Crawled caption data

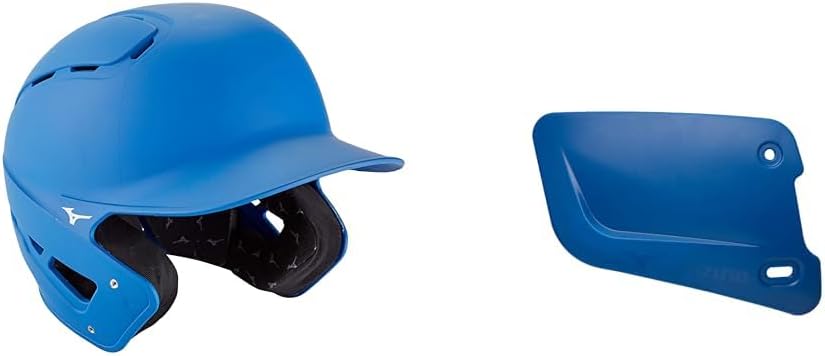 Bundle of Mizuno B6 Adult Baseball Batting Helmet, Royal, Small/Medium + Mizuno Batters Face Protector, Royal, Right Hand Batter
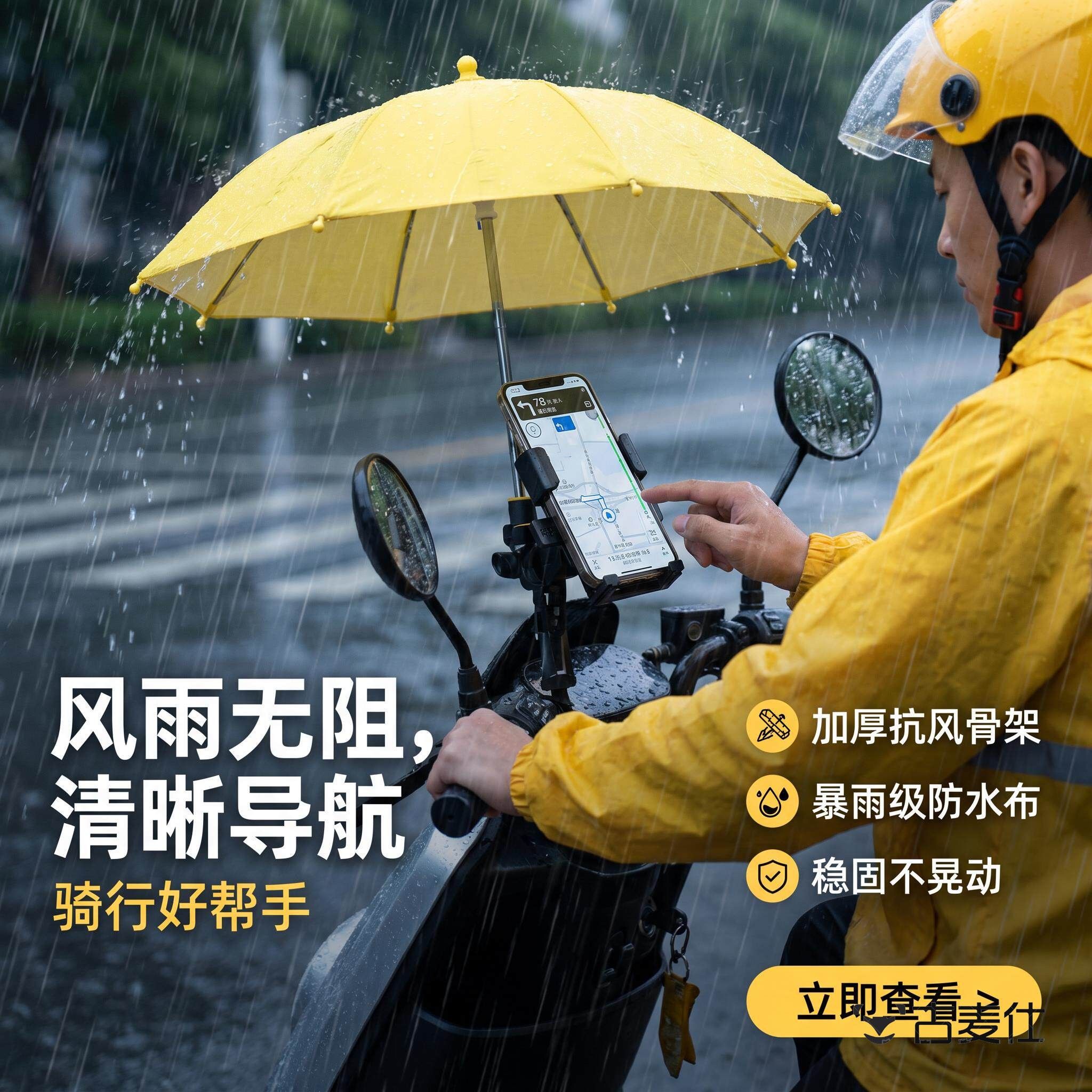 电动车手机导航支架机车小雨伞防雨水防晒遮阳摩托自行车外送小伞图片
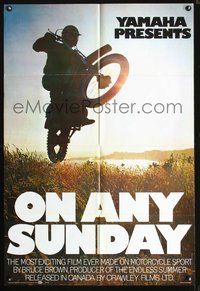 5k125 ON ANY SUNDAY Canadian 1sh '71 Bruce Brown classic, Steve McQueen, motorcycle racing!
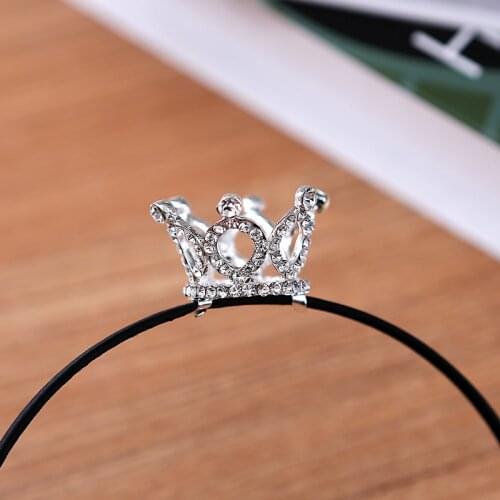 2017 Rushed Round Trendy Zinc Alloy Cute Rhinestone Tiara Hair Band Kid Girl Bridal Princess Prom Crown Headband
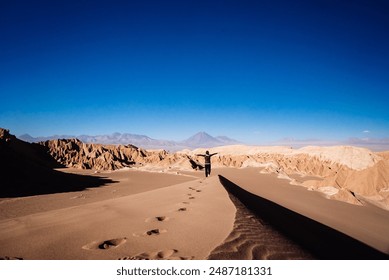 Sandboarding in the Atacama Desert, Chile. A lone adventurer climbs a vast sand dune under the blazing sun, capturing the essence of adventure and natural beauty.
 - Powered by Shutterstock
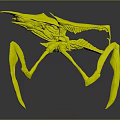 Mythical Multi Limbed Fantasy Creature With Red Black Body And Glowing Yellow Limbs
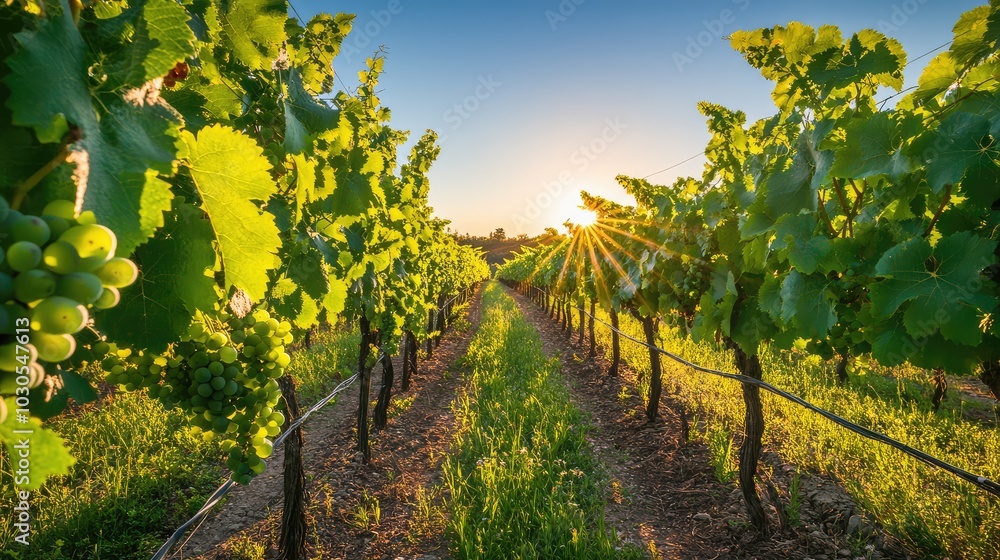 Vibrant Vineyard Rows Under Clear Blue Sky Vibrant Vineyard Rows Under Clear Blue Sky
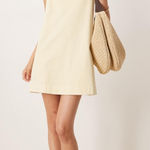 ASOS NWT Denim Mini Dress Butter Yellow Cami size 10 buttermilk Photo 0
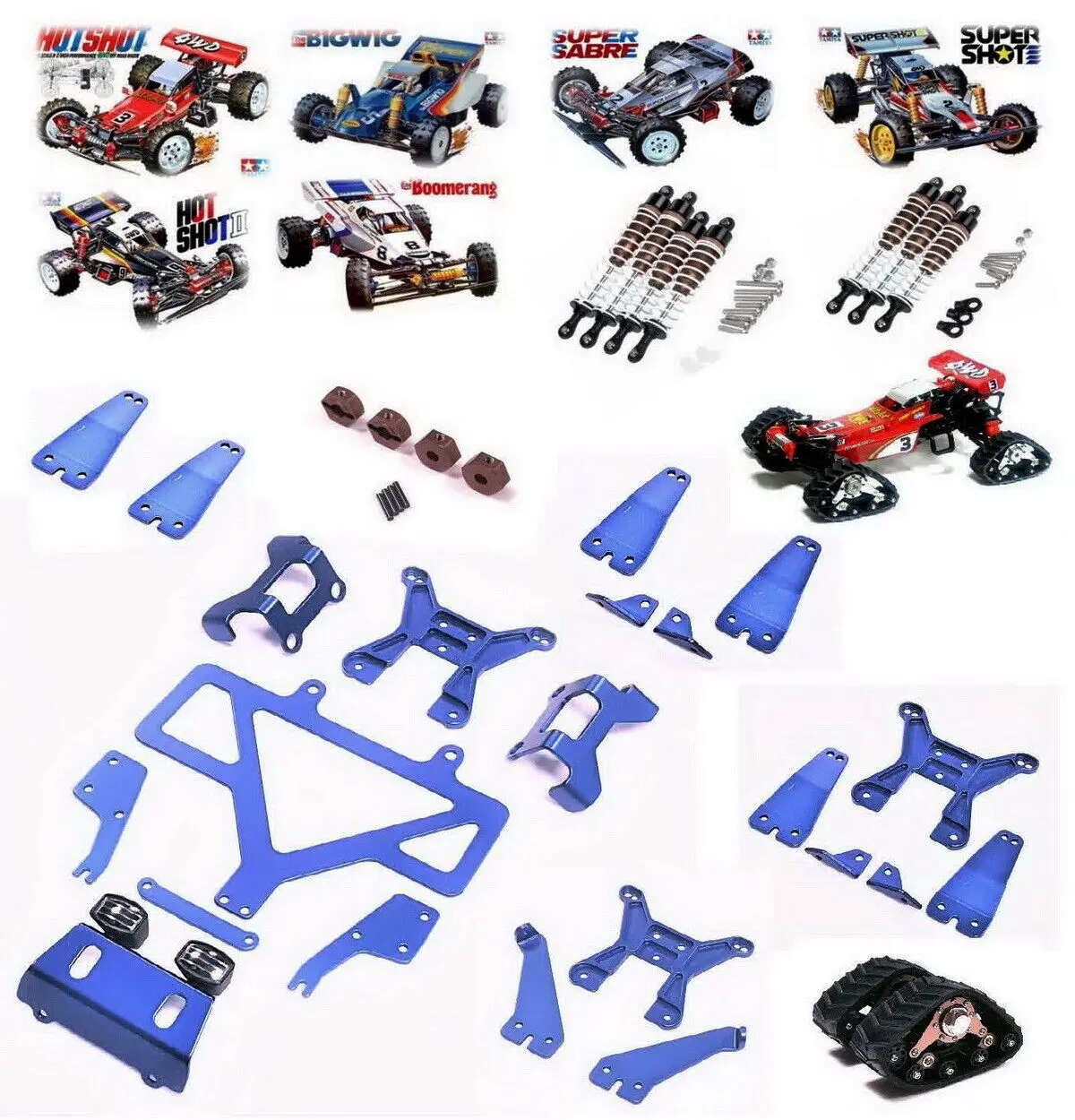 

Aluminum Option Parts Wing/Oil Shocks/Bumper/Wheels for Tamiya Hotshot/Super Hotshot/Boomerange/BIGWIG RC Upgraded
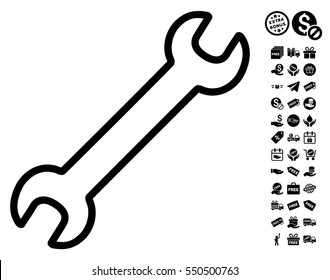 Contour Wrench icon with free bonus images. Vector illustration style is flat iconic symbols, black color, white background.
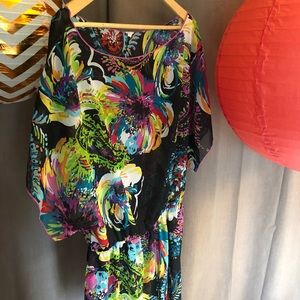 Swim Coverup or top- Sheer Floral Metallic Stripes
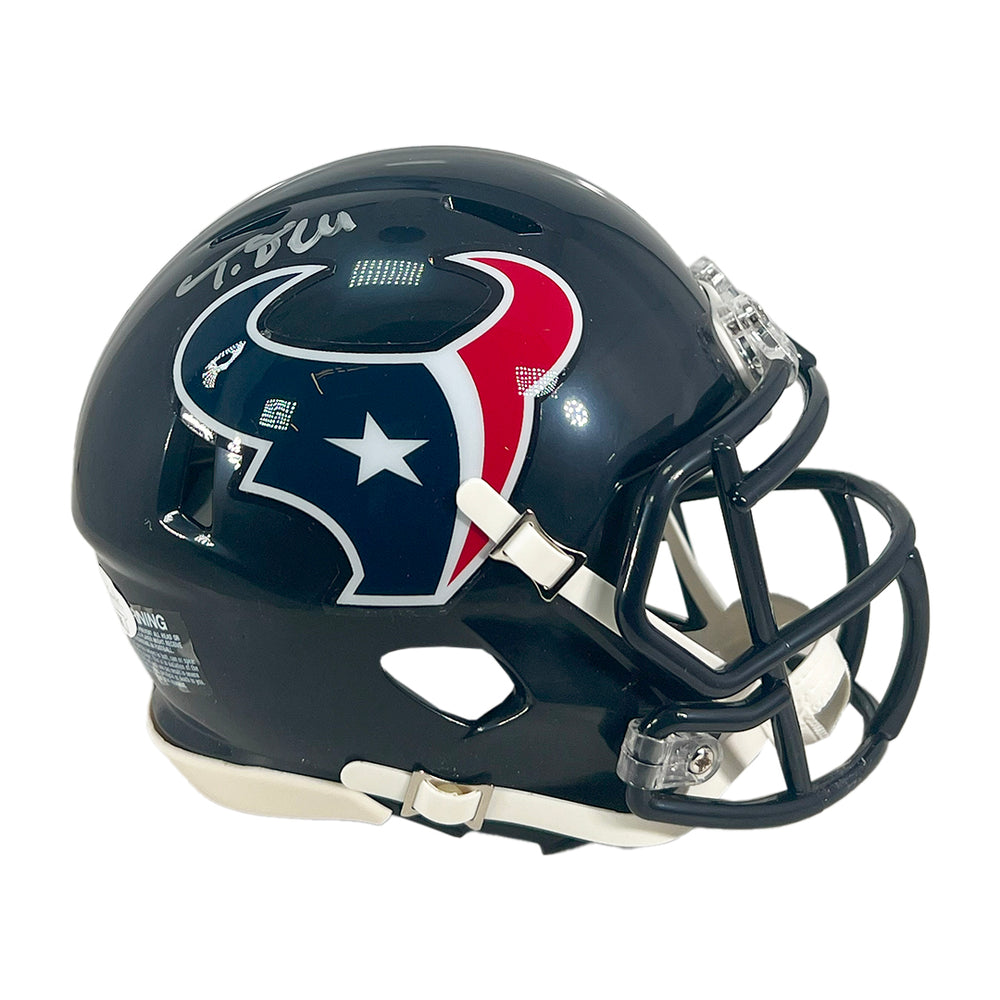 Tank Dell Signed Houston Texans Speed Mini Football Helmet (JSA)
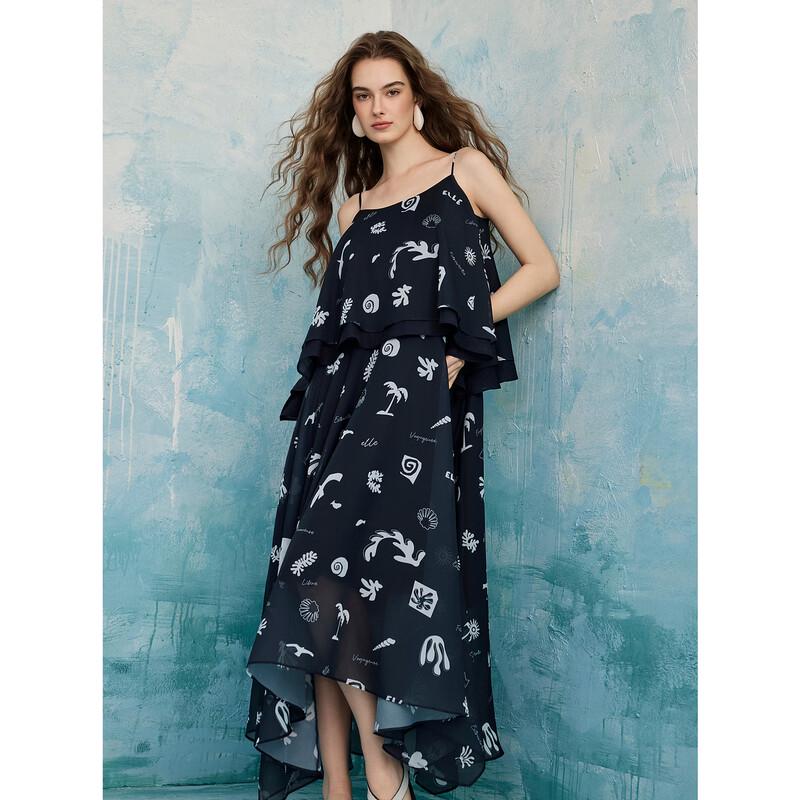 ELLE Women's Ruffle Print Chiffon Strap Maxi Dress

## How to complete this task
Pictures stay out of this copy. Retype exactly the lines from the one with "ASOS NWT Denim" through the last line of the data, both ends included, and nothing more.

## Completed task
 ASOS NWT Denim Mini Dress Butter Yellow Cami size 10 buttermilk Photo 0

Aluminum Option Parts Wing/Oil Shocks/Bumper/Wheels for Tamiya Hotshot/Super Hotshot/Boomerange/BIGWIG RC Upgraded
 Contour Wrench icon with free bonus images. Vector illustration style is flat iconic symbols, black color, white background.
 Swim Coverup or top- Sheer Floral Metallic Stripes
 Tank Dell Signed Houston Texans Speed Mini Football Helmet (JSA)
 ELLE Women's Ruffle Print Chiffon Strap Maxi Dress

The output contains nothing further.